History, holiday mix at open house
More than 200 residents braved slick streets and freezing temperatures Friday evening and ventured out to the Leavenworth County Courthouse to take part in the county's second-annual Christmas open house.
Guests exchanged holiday greetings, enjoyed old-fashioned sarsaparilla and cookies and sauntered through all three floors of the courthouse, listening to talks from William "Buffalo Bill" Cody, Reuben Basehor and other notable figures from Leavenworth's past.
The 16 historical narratives were given by residents who volunteered to offer their acting services for Friday's event.
They had been working with the county open house committee and professional instructors from Ride Into History, a historical performance touring troupe, since October.
County Planning and Zoning employee Judith Day, who posed as the fictional Amanda Knight from 1859, told of a bustling young town called Leavenworth, where she saw Abraham Lincoln deliver speeches at Stockton Hall and from the steps of Leavenworth's famous Planter's Hotel.
Bob Spear, who played "Buffalo Bill" Cody at Friday's event, talked about moving from Weston, Mo., to free soil in Leavenworth as an 11-year-old boy. Spear painted a picture of a 'Bloody Kansas' before the American Civil War, sharing the story of how Cody's father was killed at the hands of a Missouri slaveholder.
Guests also heard Carolyn Burton tell of the struggles of Cathay Williams, the only documented female Buffalo Soldier in the Civil War, as she made the tough decision about whether to go to the Army infirmary to treat an injury and risk exposing her true gender to Army officials or suffer in secret.
Other performances on Friday included: Lillian Akins as the wife of an Army officer circa 1830; Diane Collins as Tillie Abeles; Ellen Ferguson as Lizzie Allen; Sally Hatcher as Rosa Anthony; Keyta Kelly as Hilda Clark; Carol McCullough as Harriet Cushing; Vivian Ross as an Army laundress during the Mexican-American War; Mike Stephenson as Judge H. Miles Moore; Daniel Stueckemann as Reuben Basehor; and Aileen Seeman, Anna Mary Landauer, Rachel Kelly and Laura Elkins as the Smith Ladies Aid quilting circle.
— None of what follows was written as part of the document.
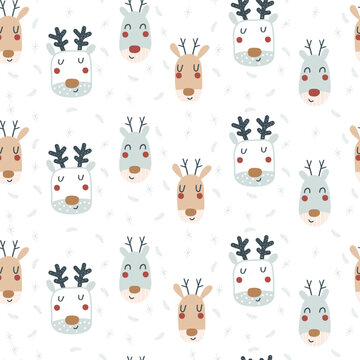  Christmas seamless pattern with cartoon deer face. Vector illustrations.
Also as part of Friday's event, Laura Phillippi of the Lansing Historical Museum awarded winners of the Leavenworth County History Hunt.
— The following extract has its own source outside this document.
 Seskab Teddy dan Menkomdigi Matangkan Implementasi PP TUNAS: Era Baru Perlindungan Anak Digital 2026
Participants in the historical scavenger hunt were asked to answer various questions about Leavenworth's past using clues that could be found at the county's different historical museums.
The contest's first place winner was Vivian Ross of Leavenworth. Second place went to Jessica Bullock, Leavenworth, and the third place winner was Shari Thompson, Leavenworth.
Winners received gift packages from area historical museums.
Keyta Kelly, who chaired the open house committee said of Friday's event, "I was really pleased with this year's turnout. We may continue this year's theme next year with different characters."
Kelly said for next year's event, which is already scheduled for Dec. 12, 2008, the open house committee might consider having just one stage instead of three, giving guests a larger area to socialize, or adding live music.
A slew of Leavenworth businesses and individuals sponsored Friday's event, which was also funded in part, through a grant from the Kansas Humanities Council.